[RECORDS — start]

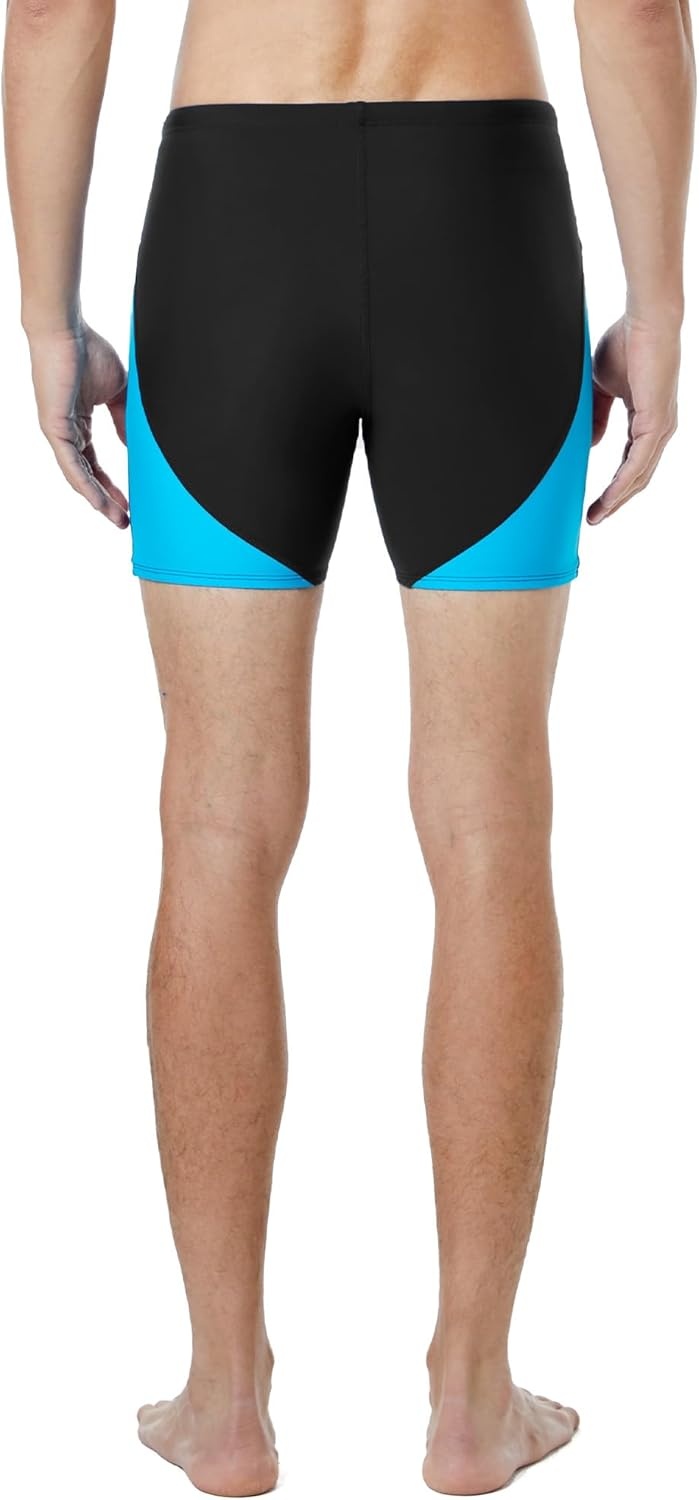 image:imageRunhit Mens Square Leg Swim Jammers Quick Dry Athletic Brief Swimsuit UPF 50 Compression Swimming ShortsBlack With Blue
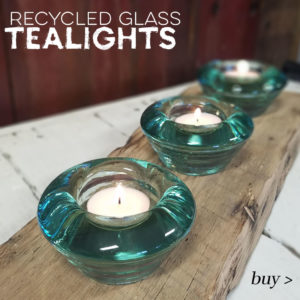 recycled glass candle holders
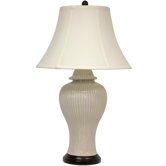Carinated Vase Lamp in Distressed Ivory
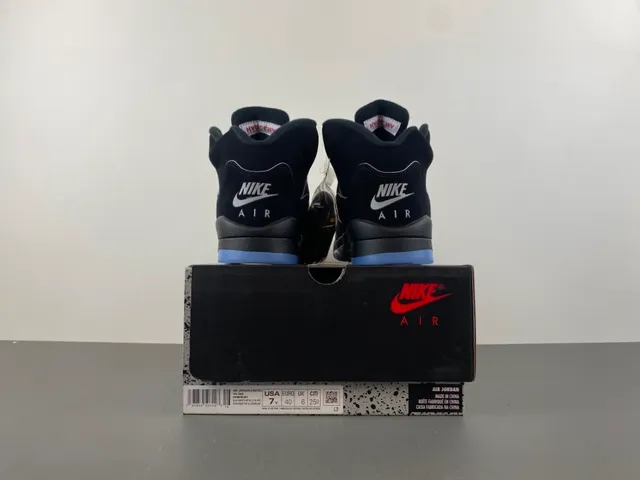 Air Jordan 5 Black Light Blue Cement Basketball Shoes 18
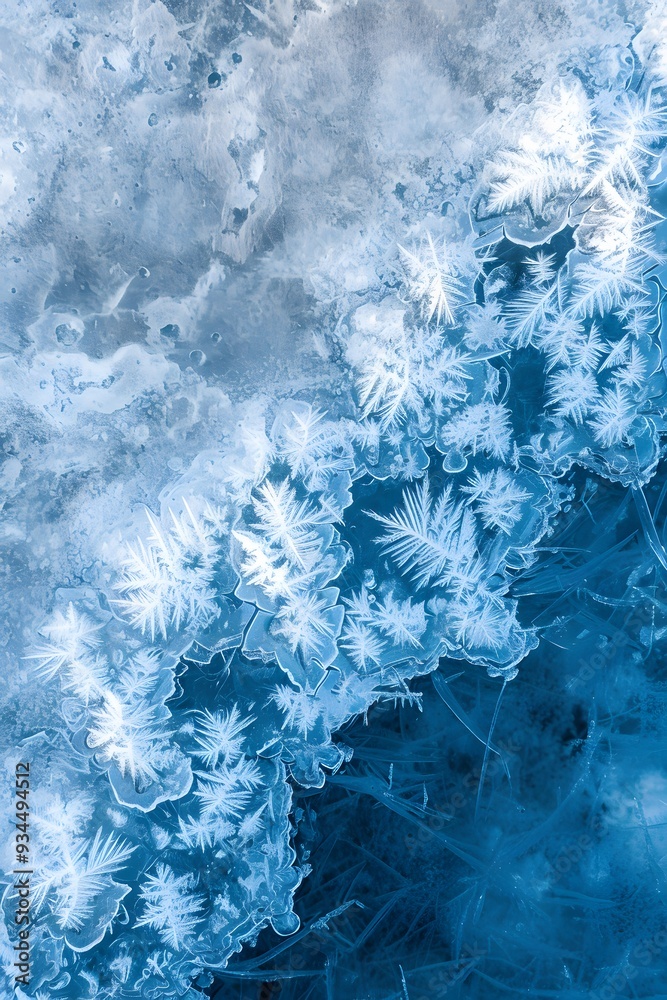 Fototapeta premium Abstract patterns of frost in a minimalistic context AI generated illustration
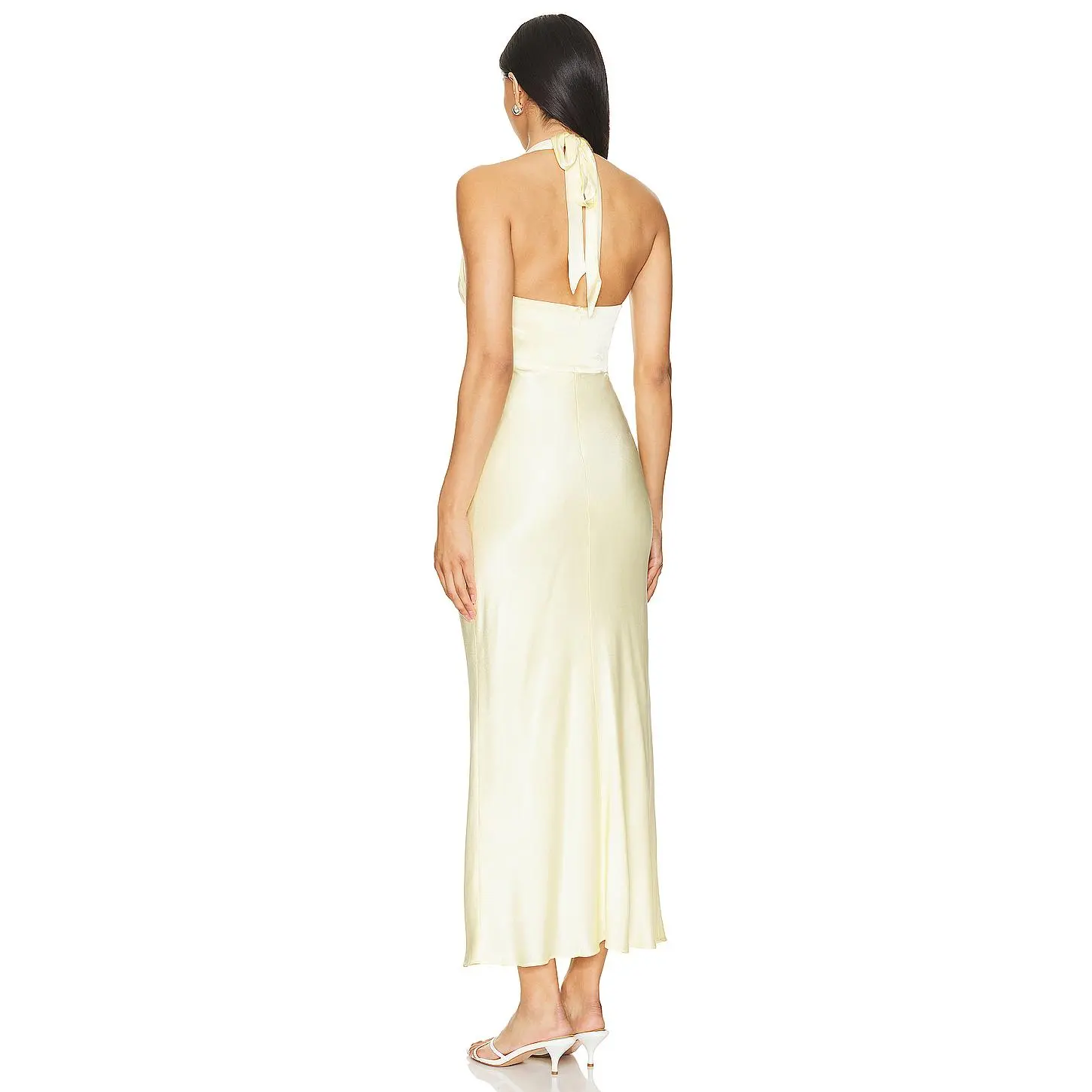 Shona Joy La Lune Plunged Halter Midi Dress in Peach - TikTok Shop
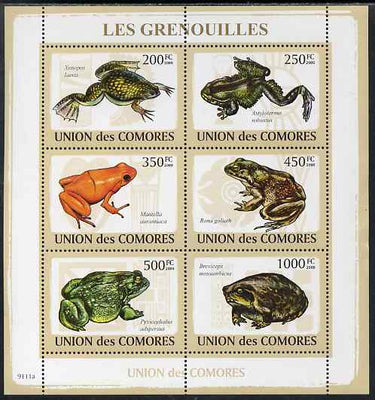 Comoro Islands 2009 Frogs perf sheetlet containing 6 values unmounted mint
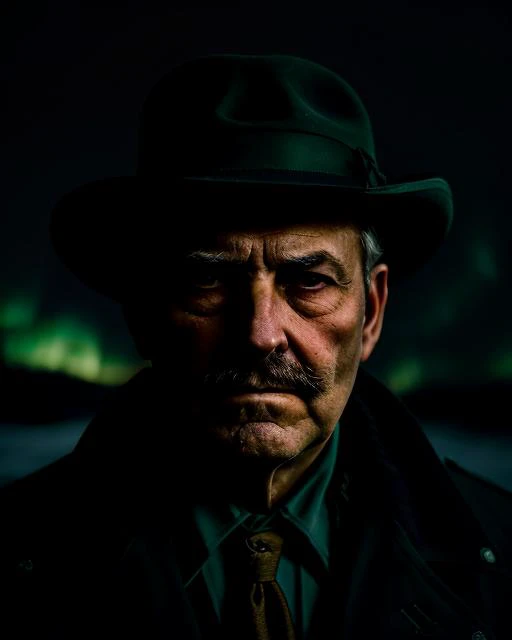 dreamy close-up underexposed (portrait photography:1.3) of an old detective (at night:1.2), silhouette, (dark,:1.2) moody, hazy, at night, , (cinematic lighting:1.2) starry sky, nebulae, aurora borealis, noisy , <lora:Offset_Noise_Lora:1>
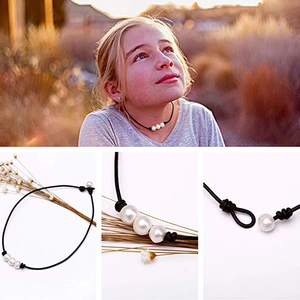 Collier en cordon de cuir noir avec trois perles baroques blanches pour femmes et filles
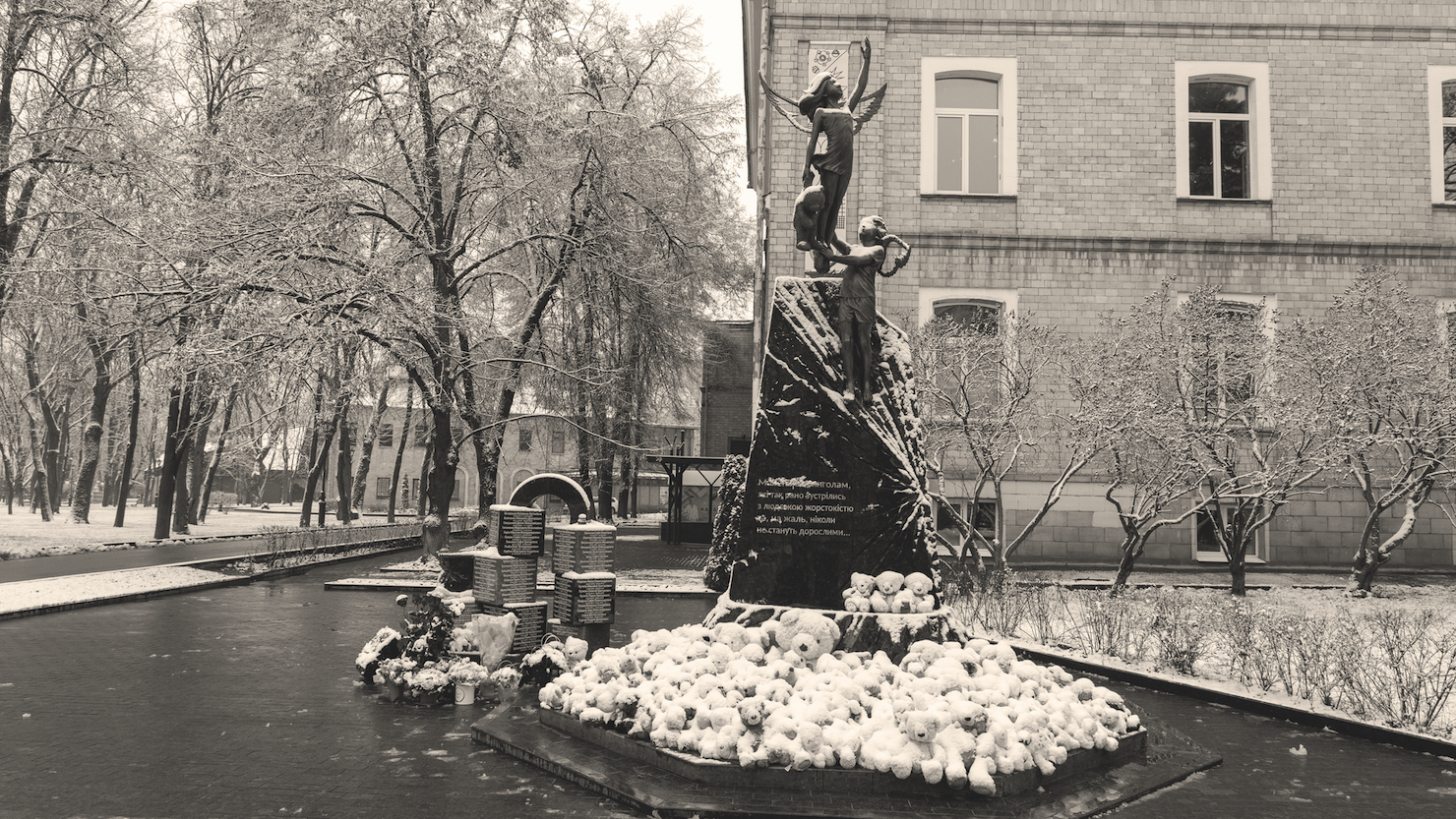 memorial covered with snow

[RECORDS — finish]

◆ **TO DO**: Make an exact copy of the records above, one that has none of the pictures.

◆ **YOUR RESPONSE**:
 image:imageRunhit Mens Square Leg Swim Jammers Quick Dry Athletic Brief Swimsuit UPF 50 Compression Swimming ShortsBlack With Blue
 recycled glass candle holders
Carinated Vase Lamp in Distressed Ivory
 Air Jordan 5 Black Light Blue Cement Basketball Shoes 18
 Fototapeta premium Abstract patterns of frost in a minimalistic context AI generated illustration
 Shona Joy La Lune Plunged Halter Midi Dress in Peach - TikTok Shop
 Comoro Islands 2009 Frogs perf sheetlet containing 6 values unmounted mint
 dreamy close-up underexposed (portrait photography:1.3) of an old detective (at night:1.2), silhouette, (dark,:1.2) moody, hazy, at night, , (cinematic lighting:1.2) starry sky, nebulae, aurora borealis, noisy , <lora:Offset_Noise_Lora:1>
 Collier en cordon de cuir noir avec trois perles baroques blanches pour femmes et filles
 memorial covered with snow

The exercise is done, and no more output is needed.